**TASK STATEMENT**
With the images removed, write out every line below exactly.

**DATA SEGMENT**
+ + + +
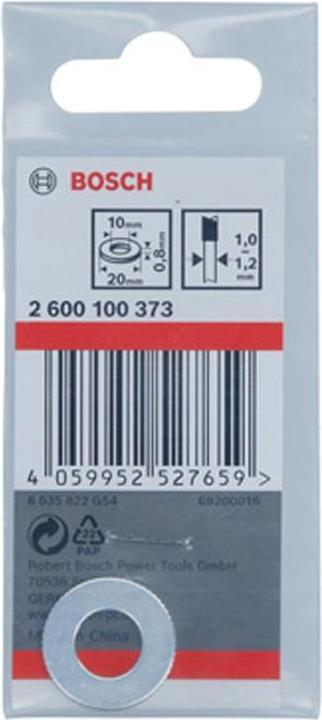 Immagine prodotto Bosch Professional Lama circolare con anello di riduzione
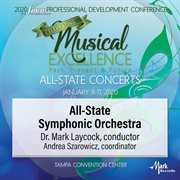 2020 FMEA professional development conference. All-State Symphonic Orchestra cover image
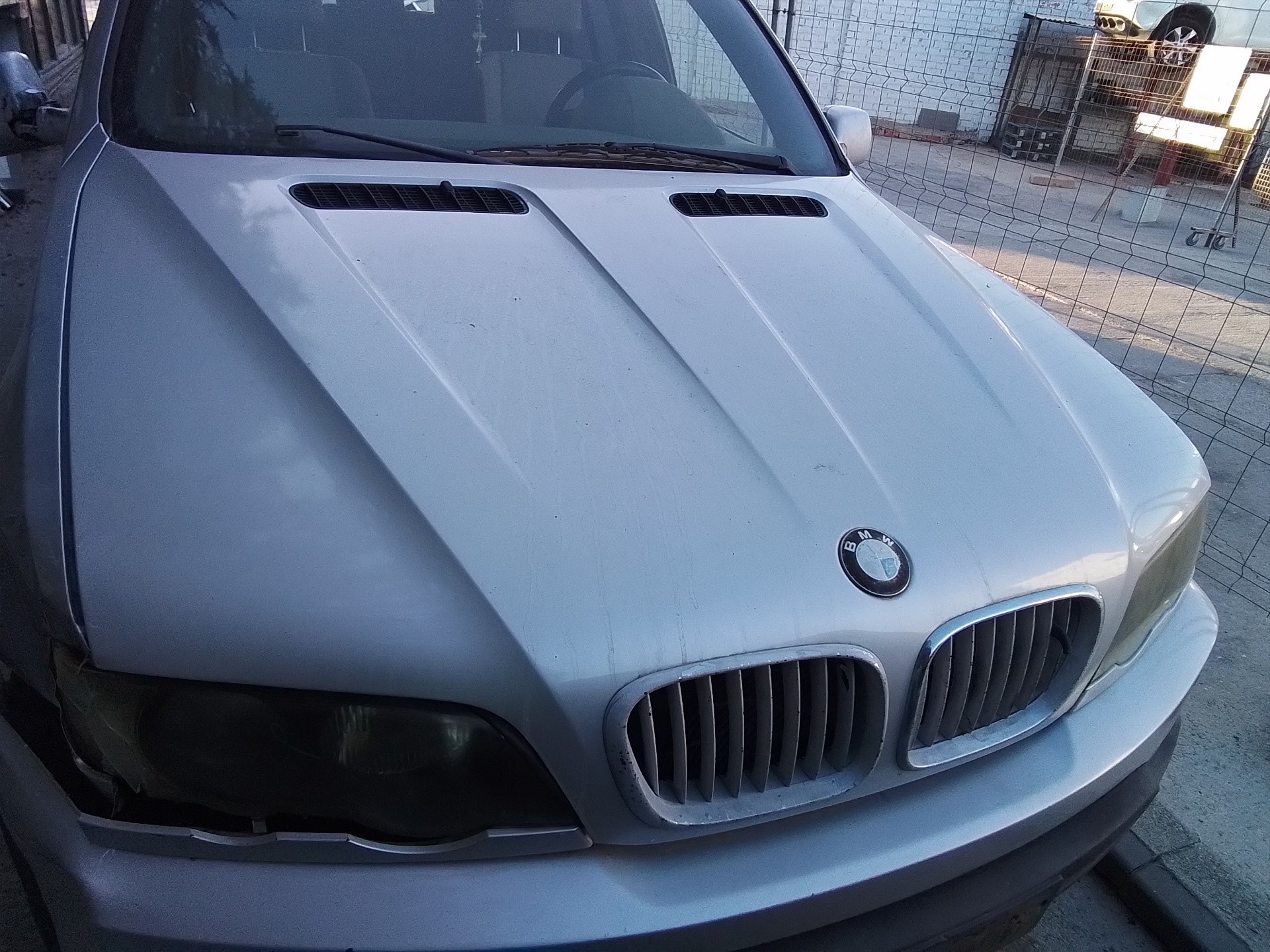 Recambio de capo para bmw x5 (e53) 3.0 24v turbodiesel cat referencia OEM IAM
+ + + +
**WORKED SOLUTION**
 Immagine prodotto Bosch Professional Lama circolare con anello di riduzione
 2020 FMEA professional development conference. All-State Symphonic Orchestra cover image
 Recambio de capo para bmw x5 (e53) 3.0 24v turbodiesel cat referencia OEM IAM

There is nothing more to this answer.